Stephen Cummings (Dimension Data) wins stage 7 at Criterium du Dauphine
(Image credit: Courtesy of Polartec-Kometa)

In a new feature, the Cyclingnews team pick their rider of the day from the Criterium du Dauphine. Steve Cummings is the stage 7 pick, and we will be selecting a rider after each stage.

In 2016, Steve Cummings has made a habit of highlighting a particular stage in the three WorldTour races he's started, Tirreno-Adriatico, Vuelta Ciclista al Pais Vasco and now the Criterium du Dauphine, and pulling off a win from the breakaway. The Englishman's run can be traced back to his stage 14 Tour de France victory over Thibaut Pinot and Romain Bardet which appears to have given him a new found confidence and self-belief to add to his classy and intelligent riding style.

On stage 7, Cummings made his way into the 20-rider strong breakaway along with teammate Daniel Teklehaimanot, who successfully acquired the necessary points for the KOM classification, early in the 151km stage from Le-Pont-de-Claix to Superdévoluy. With Teklehaimanot's jersey secured for the second year running on the Côte de Saint-Laurent-du-Cros, Cummings decided to go it alone with over 50km remaining of the stage. Cummings found himself riding into a headwind on the Col de Moissière before a fast descent off the back of the category one climb that took him back towards the north, crossing the D14 which took the peloton south, before his ascent of the Col du Noyer.

While Cummings had several minutes advantage over the chasing peloton that included several riders looking to move up the overall standings, the 35-year-old's lead started to disappear on the 7.5km Col du Noyer with the battle for overall honours heating up behind but he remained calm to continue riding at his own tempo and had four minutes over the chasers.

The lead dipped down to just over three minutes on the Noyer descent but Cummings continued to focus on his race with little care for the GC antics behind, riding the finale like a pursuit into Superdévoluy with plenty of time to smile for the cameras and offer a modest victory celebration.

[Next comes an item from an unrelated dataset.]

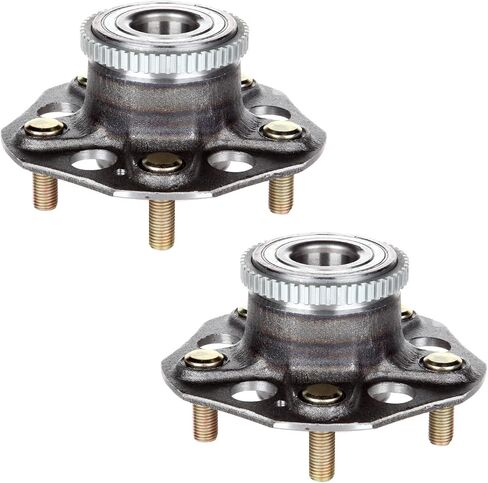 SCITOO 2 x Rear Wheel Bearing and Hub Assembly 1997 1998 1999 2000 2001 for Honda Prelude,W/ABS 5-Lug 512144 2.2L in Saudi Arabia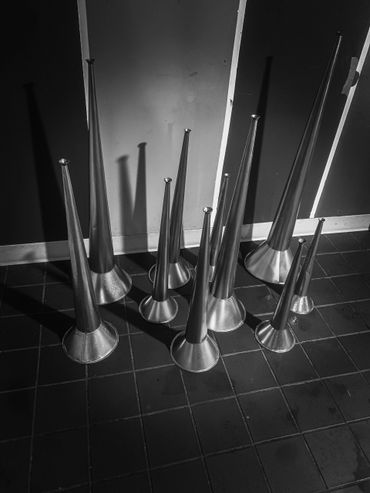 Instruments of Rara Bel Poze called the konet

"It's getting harder and harder to win but I felt I had to try to force something. This is the day I picked out before race. I was just thinking that going in the break was good training for the Tour de France but I also knew that there wouldn't be many riders left and that the favourites would watch each other," Cummings explained post-stage.

Zeb Woodpower says: Since Cummings outwitted Bardet and Pinot atop the Mende airfield last year, he's strike ratet when it comes to winning from the breakaway can only be applauded. In the road stages since that Cummings has finished inside the top-ten, they've all been victories. In 2016, Cummings has won in Tirreno with a late attack inside the final three kilometres of stage 4 to catch the peloton off-guard, repeated the trick with just one kilometre left in stage 3 of Pais Vasco but it's his Dauphine win that really showcased his full ability. 

Cummings identified the stage as one in which the GC men would be occupied by marking each other and riders in the breakaway would begin to suffer 'after the climb'. Considering his run of results, you could only sit back and enjoy the show of a rider who dares to take the race on with such panache and has a pedal stroke to die for. The next challenge for Cummings is repeating his Tour stage win where the peloton might be a little more hesitant in letting him go in a breakaway.